UN PROFESOR: CUERVO, A CINCO AÑOS
Por: Rubén Carrillo Ruiz
Hace un lustro falleció Miguel Ángel Cuervo, cuya trayectoria ejemplificó el perfil de un profesor necesario, vigente, para cualquier tiempo educativo. Sus cuatro décadas en la enseñanza dejaron huellas en todas las generaciones del Centro de Educación Artística. Llegó a mediados de los setenta y su personalidad cosmopolita irrumpió en el ámbito cultural de Colima.
Trajo una visión abierta de las artes, acercó la música, la gastronomía, el cine, la fotografía y el teatro a innumerables alumnos. Abrió su casa, enorme biblioteca y, con un manejo desbordante del lenguaje, intervino de manera decisiva en la formación integral de muchos. Soy deudor perenne de su generosidad pedagógica.
Recuerdo a Cuervo por su ausencia, indudable. También porque su comportamiento didáctico aún es actual, moderno, sobre todo ahora que está en boga y rechazo la evaluación profesoral, consecuencia de la reforma educativa y el maremágnum informativo tiene nulo margen para el quehacer profesoral en tiempos levantiscos para la razón y un debate inaplazable.
Los datos fidedignos se pulverizan con la piromanía de protestas violentas de la disidencia magisterial y discursos oficiales. Sin embargo, el punto esencial queda entre esquirlas y humo: la formación de millones de personas. Eufemismos van, eufemismos vienen, y una reforma, la educativa, impide acuerdos mínimos para su cauce y evolución sin retrocesos.

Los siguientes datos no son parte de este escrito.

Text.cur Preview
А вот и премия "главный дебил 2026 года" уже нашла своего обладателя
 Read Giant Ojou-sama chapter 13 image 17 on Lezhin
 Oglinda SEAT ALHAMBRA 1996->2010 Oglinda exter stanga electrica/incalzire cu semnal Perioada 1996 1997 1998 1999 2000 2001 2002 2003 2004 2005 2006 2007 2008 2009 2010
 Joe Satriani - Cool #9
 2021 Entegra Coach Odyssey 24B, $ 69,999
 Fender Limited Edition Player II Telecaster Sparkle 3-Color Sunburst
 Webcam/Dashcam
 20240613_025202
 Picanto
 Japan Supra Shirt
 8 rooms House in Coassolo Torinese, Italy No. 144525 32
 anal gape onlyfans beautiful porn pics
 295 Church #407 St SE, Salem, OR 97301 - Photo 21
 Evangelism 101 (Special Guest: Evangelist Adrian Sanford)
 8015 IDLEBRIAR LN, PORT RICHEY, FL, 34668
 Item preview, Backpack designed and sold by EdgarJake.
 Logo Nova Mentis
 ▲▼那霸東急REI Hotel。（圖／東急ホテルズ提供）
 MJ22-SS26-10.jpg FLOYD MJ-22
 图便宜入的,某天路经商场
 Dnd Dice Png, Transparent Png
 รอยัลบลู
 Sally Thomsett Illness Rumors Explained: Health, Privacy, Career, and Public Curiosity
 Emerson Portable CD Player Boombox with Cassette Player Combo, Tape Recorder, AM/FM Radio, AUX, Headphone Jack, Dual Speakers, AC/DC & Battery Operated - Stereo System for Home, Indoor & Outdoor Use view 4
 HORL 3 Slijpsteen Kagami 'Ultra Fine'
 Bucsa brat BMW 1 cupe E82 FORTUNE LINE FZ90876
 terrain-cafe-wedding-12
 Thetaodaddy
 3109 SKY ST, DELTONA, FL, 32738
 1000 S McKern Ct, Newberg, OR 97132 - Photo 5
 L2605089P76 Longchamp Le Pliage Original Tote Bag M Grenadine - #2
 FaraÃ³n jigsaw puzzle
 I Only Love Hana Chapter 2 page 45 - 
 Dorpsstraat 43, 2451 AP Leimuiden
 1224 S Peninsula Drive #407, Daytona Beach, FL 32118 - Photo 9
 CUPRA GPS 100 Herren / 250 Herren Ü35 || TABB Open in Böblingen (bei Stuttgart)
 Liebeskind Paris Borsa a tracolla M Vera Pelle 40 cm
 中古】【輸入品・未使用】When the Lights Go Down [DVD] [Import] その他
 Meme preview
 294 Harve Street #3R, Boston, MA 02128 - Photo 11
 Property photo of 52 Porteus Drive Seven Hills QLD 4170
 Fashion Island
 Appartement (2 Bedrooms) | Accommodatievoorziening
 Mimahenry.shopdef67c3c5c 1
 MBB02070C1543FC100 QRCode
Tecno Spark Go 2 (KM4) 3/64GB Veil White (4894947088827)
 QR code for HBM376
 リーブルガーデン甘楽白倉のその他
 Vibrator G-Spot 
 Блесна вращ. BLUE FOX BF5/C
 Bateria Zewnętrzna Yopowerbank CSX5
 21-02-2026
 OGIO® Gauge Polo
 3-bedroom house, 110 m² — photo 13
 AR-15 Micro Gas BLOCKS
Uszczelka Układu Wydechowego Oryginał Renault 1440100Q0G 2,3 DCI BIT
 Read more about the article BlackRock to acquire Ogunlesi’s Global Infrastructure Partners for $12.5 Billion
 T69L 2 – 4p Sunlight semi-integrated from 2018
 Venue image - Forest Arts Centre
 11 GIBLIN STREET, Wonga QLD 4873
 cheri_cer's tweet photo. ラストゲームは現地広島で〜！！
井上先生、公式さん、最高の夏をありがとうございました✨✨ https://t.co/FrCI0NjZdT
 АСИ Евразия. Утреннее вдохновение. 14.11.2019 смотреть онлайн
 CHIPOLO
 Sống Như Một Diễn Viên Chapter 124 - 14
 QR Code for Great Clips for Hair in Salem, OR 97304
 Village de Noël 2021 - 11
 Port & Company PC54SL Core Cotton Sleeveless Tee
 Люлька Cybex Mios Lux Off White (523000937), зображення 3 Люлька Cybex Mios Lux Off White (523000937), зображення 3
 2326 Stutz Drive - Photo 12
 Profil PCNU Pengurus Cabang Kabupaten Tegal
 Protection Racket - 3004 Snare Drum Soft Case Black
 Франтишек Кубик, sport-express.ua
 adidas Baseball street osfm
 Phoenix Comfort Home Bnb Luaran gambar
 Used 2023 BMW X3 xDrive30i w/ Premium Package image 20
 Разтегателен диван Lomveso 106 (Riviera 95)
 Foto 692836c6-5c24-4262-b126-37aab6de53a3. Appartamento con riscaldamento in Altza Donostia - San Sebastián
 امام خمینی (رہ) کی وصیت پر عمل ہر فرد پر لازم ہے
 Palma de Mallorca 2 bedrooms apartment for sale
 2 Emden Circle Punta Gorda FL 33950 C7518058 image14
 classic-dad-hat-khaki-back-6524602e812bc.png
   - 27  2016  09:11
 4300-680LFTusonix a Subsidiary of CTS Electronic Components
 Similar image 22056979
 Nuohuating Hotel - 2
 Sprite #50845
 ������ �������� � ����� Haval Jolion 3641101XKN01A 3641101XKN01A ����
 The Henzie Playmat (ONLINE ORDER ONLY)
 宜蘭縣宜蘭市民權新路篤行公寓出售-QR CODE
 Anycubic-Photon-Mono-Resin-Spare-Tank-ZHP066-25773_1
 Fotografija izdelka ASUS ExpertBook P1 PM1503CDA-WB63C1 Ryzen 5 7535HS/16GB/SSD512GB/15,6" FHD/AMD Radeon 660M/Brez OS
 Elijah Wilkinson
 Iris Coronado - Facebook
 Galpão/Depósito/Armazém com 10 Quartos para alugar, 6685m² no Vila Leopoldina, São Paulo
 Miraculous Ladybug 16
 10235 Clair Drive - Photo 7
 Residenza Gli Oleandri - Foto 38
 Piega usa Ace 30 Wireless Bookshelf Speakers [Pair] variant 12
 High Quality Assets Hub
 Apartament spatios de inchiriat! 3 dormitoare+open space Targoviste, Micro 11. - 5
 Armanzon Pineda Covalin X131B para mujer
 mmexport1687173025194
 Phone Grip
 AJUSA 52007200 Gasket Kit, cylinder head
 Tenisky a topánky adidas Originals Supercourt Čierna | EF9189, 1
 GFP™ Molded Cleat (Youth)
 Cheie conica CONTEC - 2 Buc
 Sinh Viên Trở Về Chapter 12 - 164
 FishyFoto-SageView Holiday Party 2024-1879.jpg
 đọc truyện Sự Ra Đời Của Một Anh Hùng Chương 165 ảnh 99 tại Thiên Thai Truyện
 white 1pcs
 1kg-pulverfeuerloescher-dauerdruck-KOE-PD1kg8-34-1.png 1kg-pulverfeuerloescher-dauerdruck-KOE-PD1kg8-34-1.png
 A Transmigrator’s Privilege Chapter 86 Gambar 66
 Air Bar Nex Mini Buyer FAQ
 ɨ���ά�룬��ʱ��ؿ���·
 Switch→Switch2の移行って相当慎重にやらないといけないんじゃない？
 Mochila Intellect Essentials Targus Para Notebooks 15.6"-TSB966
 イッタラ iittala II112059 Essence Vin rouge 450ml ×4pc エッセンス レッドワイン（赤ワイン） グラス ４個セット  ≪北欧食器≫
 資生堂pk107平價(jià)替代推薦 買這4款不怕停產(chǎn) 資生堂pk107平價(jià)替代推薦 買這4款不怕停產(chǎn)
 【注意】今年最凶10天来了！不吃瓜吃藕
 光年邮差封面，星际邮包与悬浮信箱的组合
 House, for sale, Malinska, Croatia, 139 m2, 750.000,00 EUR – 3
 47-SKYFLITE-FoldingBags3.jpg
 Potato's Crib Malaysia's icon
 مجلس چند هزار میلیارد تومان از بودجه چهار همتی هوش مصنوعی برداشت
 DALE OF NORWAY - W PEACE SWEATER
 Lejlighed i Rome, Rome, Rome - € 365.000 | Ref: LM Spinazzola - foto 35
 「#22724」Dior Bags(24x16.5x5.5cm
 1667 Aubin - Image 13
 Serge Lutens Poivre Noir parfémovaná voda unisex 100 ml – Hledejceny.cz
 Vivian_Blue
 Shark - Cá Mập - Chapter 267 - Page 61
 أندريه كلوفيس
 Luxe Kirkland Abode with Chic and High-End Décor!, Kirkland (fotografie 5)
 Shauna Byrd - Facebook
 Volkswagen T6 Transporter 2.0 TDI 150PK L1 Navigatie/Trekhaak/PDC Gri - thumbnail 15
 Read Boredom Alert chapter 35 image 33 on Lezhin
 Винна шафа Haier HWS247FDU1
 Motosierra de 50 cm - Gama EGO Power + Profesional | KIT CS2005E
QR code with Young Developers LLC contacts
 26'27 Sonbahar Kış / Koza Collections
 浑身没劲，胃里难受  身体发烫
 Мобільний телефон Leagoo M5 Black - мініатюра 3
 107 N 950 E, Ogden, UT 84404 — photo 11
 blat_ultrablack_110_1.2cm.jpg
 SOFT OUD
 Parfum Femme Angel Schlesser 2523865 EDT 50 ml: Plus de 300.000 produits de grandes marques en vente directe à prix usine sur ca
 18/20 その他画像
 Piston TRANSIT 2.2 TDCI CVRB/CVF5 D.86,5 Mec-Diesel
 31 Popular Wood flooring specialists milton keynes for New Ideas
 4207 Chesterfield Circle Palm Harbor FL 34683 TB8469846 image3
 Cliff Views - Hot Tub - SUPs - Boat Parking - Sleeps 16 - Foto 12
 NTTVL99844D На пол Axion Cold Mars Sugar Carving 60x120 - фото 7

El desastre educativo nos implica a todos. Una palabreja, calidad, se desgasta en discursos vacíos. Se habla tanto de ella que creen tenerla, pero su ausencia lastra cualquier pronóstico bonancible en el mediano plazo. Por eso, un remedio para el mal educativo radica en el bosquejo de un profesor como Miguel Ángel Cuervo.
Los contornos prácticos se dibujan con las palabras de George Steiner: “ponen una obsesión en el camino de sus discípulos, prestándoles un libro, quedándose después de las clases, dispuestos a que vayan a buscarlos. La dinámica es la misma: construir una comunidad sobre la base de la comunicación, una coherencia de sentimientos, pasiones y frustraciones compartidas. En la persuasión, en la solicitación, aunque sea del género más abstracto y teórico, es inevitable un proceso de seducción, deseada o accidental. El maestro, el pedagogo, se dirige al intelecto, a la imaginación, al sistema nervioso, a la entraña misma de su oyente. El pulso de la enseñanza es la persuasión. El profesor solicita atención, acuerdo y, óptimamente, disconformidad colaboradora. […] En realidad, como sabemos, la mayoría de aquellos a quienes confiamos a nuestros hijos en la enseñanza, a quienes acudimos en busca de guía y ejemplo, son unos sepultureros más o menos afables. Se esfuerzan en rebajar a sus alumnos a su propio nivel de faena mediocre. […] La auténtica enseñanza es la imitatio de un acto trascendente o, dicho con mayor exactitud, de descubrimiento, de ese desplegar verdades y plegarlas hacia dentro […] Desde la autoridad pedagógica se ha sostenido que la única licencia honrada y demostrable para enseñar es la que se posee en virtud del ejemplo. La auténtica enseñanza es una vocación. Es una llamada. Enseñar con seriedad es poner las manos en lo que tiene de más vital un ser humano. Es buscar acceso a la carne viva, a lo más íntimo de la integridad de un niño o de un adulto. Un maestro invade, irrumpe, puede arrasar con el fin de limpiar y reconstruir. Una enseñanza deficiente, una rutina pedagógica, un estilo de instrucción que, conscientemente o no, sea cínico en sus metas meramente utilitarias, son destructivas. Los buenos profesores, los que prenden fuego en las almas nacientes de sus alumnos, son tal vez más escasos que los artistas virtuosos o los sabios. Los maestros de escuela que forman el alma y el cuerpo, que saben lo que está en juego, que son conscientes de la interrelación de confianza y vulnerabilidad, de la fusión orgánica de responsabilidad y respuesta son alarmantemente pocos.”